Early in the day the jury asked Matsch for a list of the nearly 200 witnesses who testified about the April 19, 1995, blast that killed 168 people. Defense attorneys insisted that they be listed in chronological order, and Matsch responded, "We'll try to get that done."
CNN learned that the jury wants to review testimony about Nichols' activities in the fall of 1994, when Nichols quit his job as a farmhand. The prosecution says Nichols bought ammonium nitrate used in the bomb that same day.
One of the jurors also submitted a question, which the judge answered in writing and refused to disclose.
Defense and prosecution lawyers also had a conference over a sealed motion filed by the prosecution.
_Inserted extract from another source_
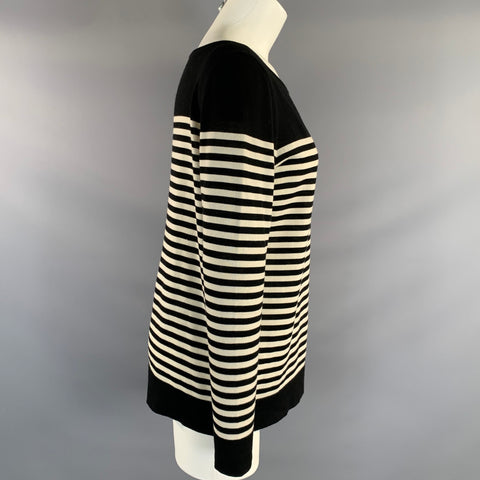 AKRIS Size M White Black Wool Stripe Scoop Neck Pullover Womens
The content of the motion and the results of the meeting were not disclosed.
Survivors wrap Christmas presents
Two blocks away, about three dozen bombing survivors and
relatives gathered in the basement of a church to wrap thousands of donated toys for homeless children
With poinsettias decorating the room and Christmas carols playing from speakers, the group stood at large, round tables, taping brightly colored paper around dolls, trucks, blocks, stuffed animals, coats, mittens and muffs.
"We're trying to focus on somebody else's needs instead of just wallowing in our stuff right now," said Marsha Kight, whose daughter, Frankie Merrill, died in the bombing.
Nichols spent the day inside the courthouse and visited with his mother, Joyce Nichols Wilt, and his sister, Suzanne McDonnell.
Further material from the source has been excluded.